At the very least, with no fewer than four congressmen, a sheriff with a national profile, state senators and a former U.S. senator considering a run, it is clear that between now and Nov. 2 the candidates for governor and Senate will have to share the spotlight.

They also may have to share the money. Even as Obama was in Chicago to raise money for Giannoulias’ Senate campaign, candidates and potential candidates for mayor are busy trying to line up their own financial support.

“That means there is going to be money taken that might (otherwise) have been available to candidates in the general election,” said Charles Wheeler, director of the Public Affairs Reporting graduate program at the University of Illinois at Springfield.

Less money means less advertising. And that means campaigns must rely more than ever on news coverage of their campaigns — something anyone paying attention in Chicago knows has been in short supply to anyone but mayoral candidates in recent weeks.

“This hurts them,” Kent Redfield, a professor emeritus of politics at the University of Illinois-Springfield, said of the statewide candidates. “It does limit (their) ability to go out and generate the coverage you need.”

Not surprisingly, Democrats and Republicans alike insist the mayor’s race works in their favor.

For Republicans, the mayor’s race will help because it includes Emanuel, said the state party chairman.

“Rahm Emanuel is probably the most polarizing figure for our base, the Republican base, in the state,’ said Pat Brady, who is no relation to the Republican gubernatorial candidate. “So every time he comes out and starts talking about what he’s going to do as mayor it motivates our people to get out.”

Democrats disagree. The way they see it, the buzz about the mayor’s race, with so many candidates and campaign workers knocking on doors collecting signatures to get on the ballot, will energize residents to vote in November. And in a city as overwhelmingly Democratic as Chicago, that can only help Quinn and Giannoulias.

“We had to wake people up from their political slumber and this is doing it,” Sen. Dick Durbin said.

History may be on the Democrats’ side.

Political observers point to 1982 when the November election for governor coincided with a similarly wide open Chicago mayoral race in which candidates tried to drum up support for an election months away.

“You had the tribal factions in Chicago, the white ethnics, African Americans, the North Side, the South Side machine all looked at the general election sort of like spring training for the mayoral election” the next year, Wheeler said.

That meant far more Chicago voters turned out than expected, he said, and Democrat Adlai Stevenson came within a just more than 5,000 votes of what would have been a stunning upset after trailing Republican Jim Thompson in the polls by double digits.

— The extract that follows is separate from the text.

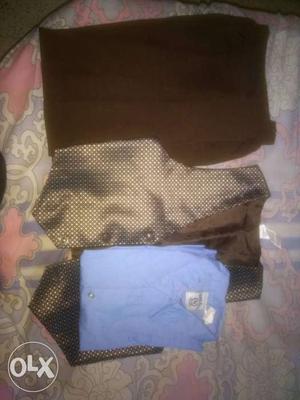 Brown pant, blue shirt, brown and blue cotty for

Chicago’s political machine is not nearly as powerful as in 1982 but Wheeler said the candidates still may want to use the November election as a “dress rehearsal.” Democratic committeemen in various city wards will have added incentive to get voters to the polls: Prove to the candidates that they are worth being taken seriously and courted.

“The higher the number the bigger player they will be in the mayoral race,” said Scott Cisek, political director for the Cook County Democratic Party.

But even Durbin said everybody is guessing at just what the mayor’s race will mean to the statewide races.

“Anybody who tells you they know the answer is just making it up,” he said. “This (a wide open mayor’s race) happens in Chicago every other generation … and an off-year election with a president from Chicago, that’s never happened before.”